**Exercise description:** Output the listing word for word, minus images.

Top of Input material

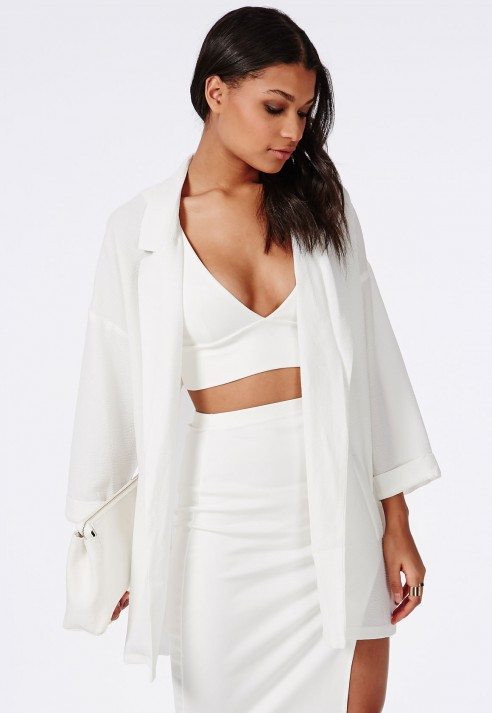 Cream Boyfriend Blazer Discover the range of women's blazers from ASOS. Shop from a variety of suit jackets, oversized and longline blazers.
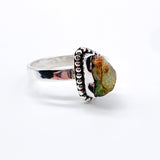 RAW GREEN TOURMALINE RING ⋄ Size 8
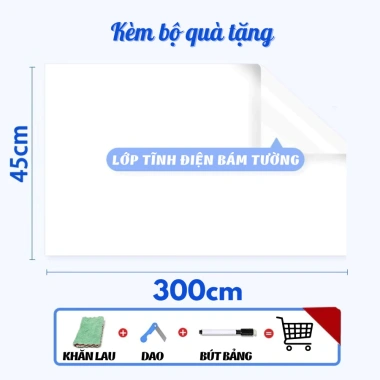 Bảng Trắng Dán Tường Không Keo, Không Hại, Tự Dán, Viết Bút Lông Giá 30.000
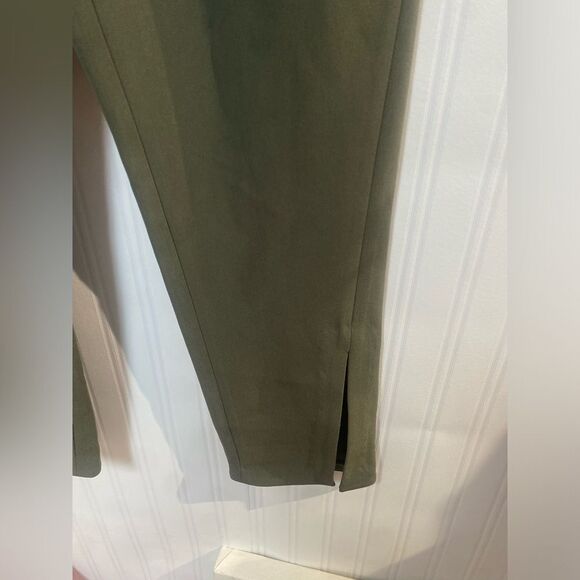Theory Olive Green Pants Sz 4 - Picture 3 of 6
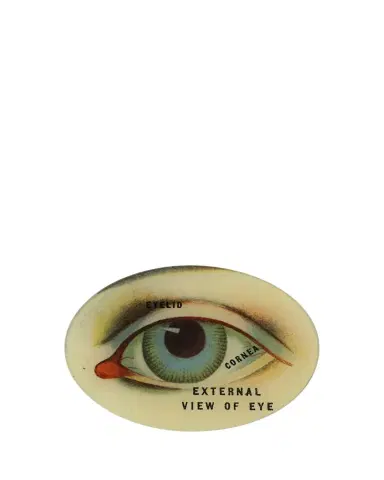 John Derian External View of Eye Oval Tray, 5" x 7" | Thumbnail 1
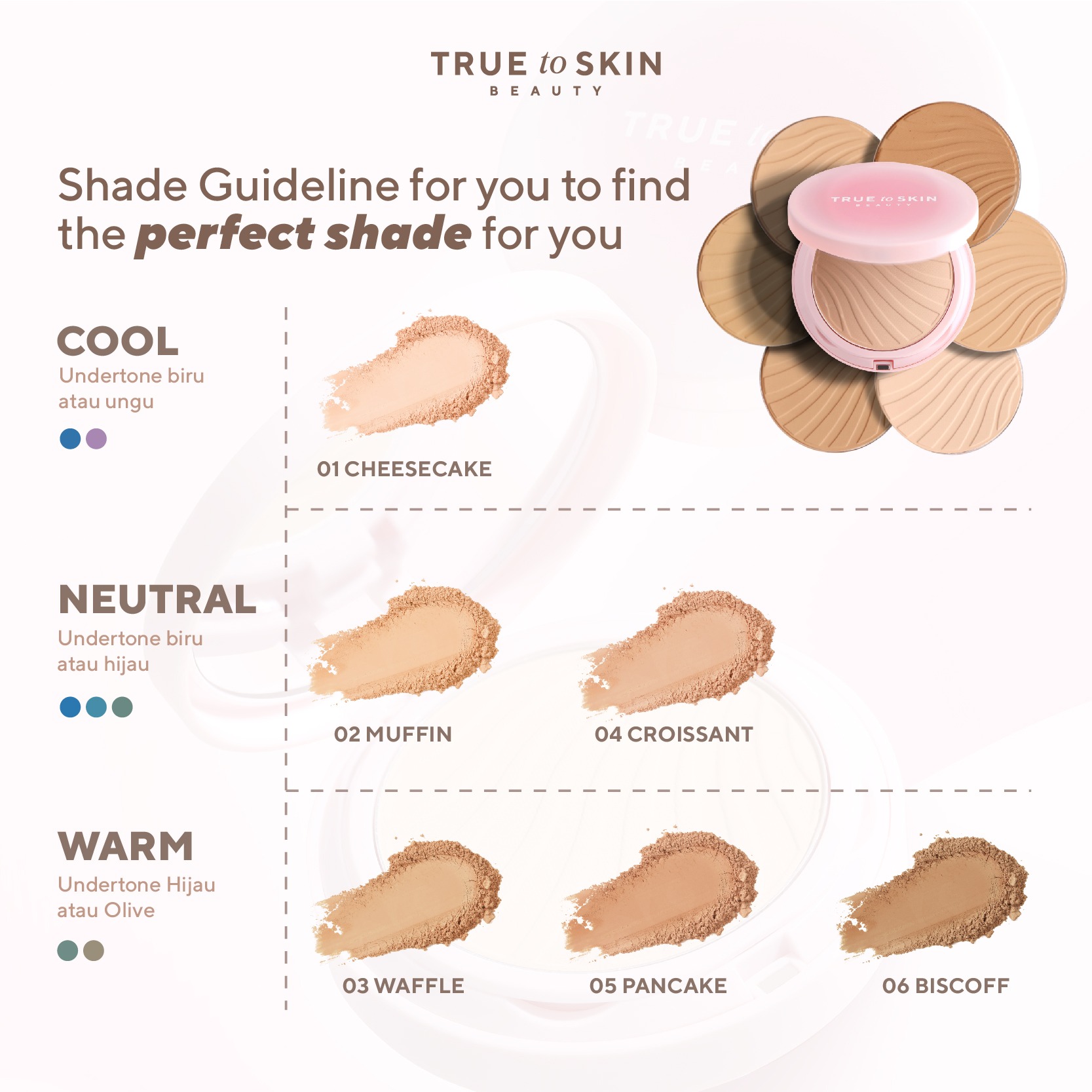 True to Skin - Skinlike Porefecting Powder Foundation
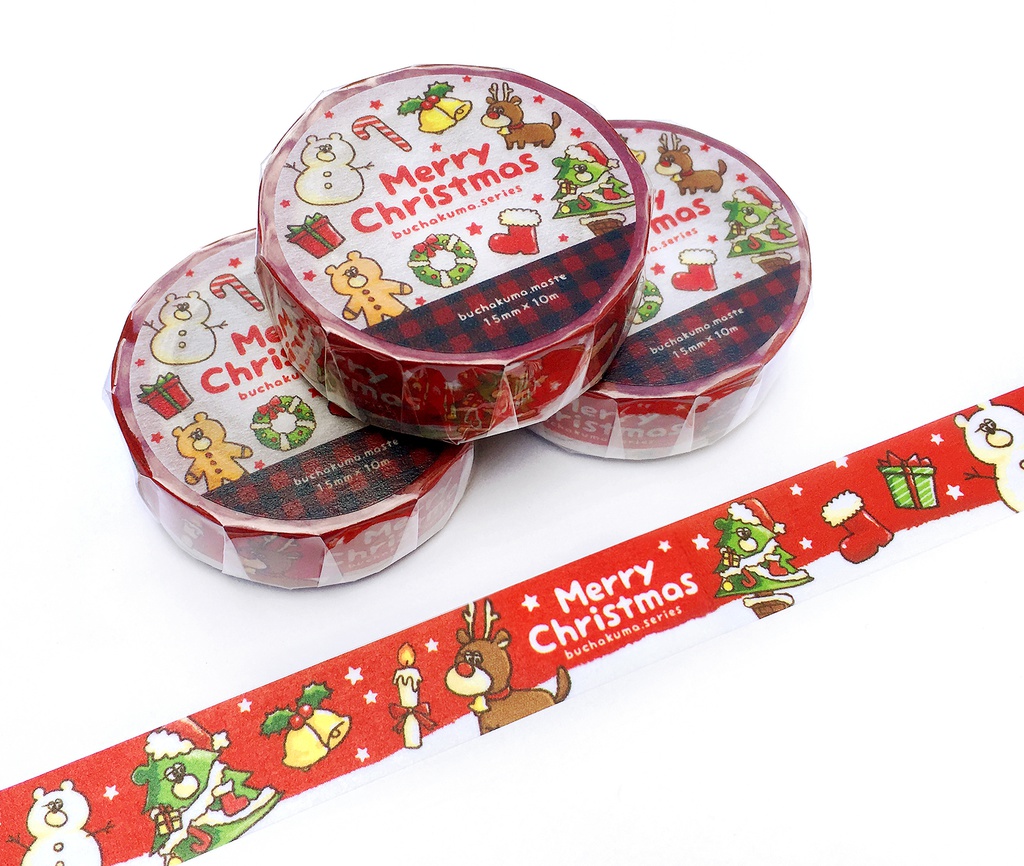 ぶちゃくま。Xmasマスキングテープ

Bottom of Input material

**Exercise response:**
 Cream Boyfriend Blazer Discover the range of women's blazers from ASOS. Shop from a variety of suit jackets, oversized and longline blazers.
 RAW GREEN TOURMALINE RING ⋄ Size 8
 Bảng Trắng Dán Tường Không Keo, Không Hại, Tự Dán, Viết Bút Lông Giá 30.000
Theory Olive Green Pants Sz 4 - Picture 3 of 6
 John Derian External View of Eye Oval Tray, 5" x 7" | Thumbnail 1
 True to Skin - Skinlike Porefecting Powder Foundation
 ぶちゃくま。Xmasマスキングテープ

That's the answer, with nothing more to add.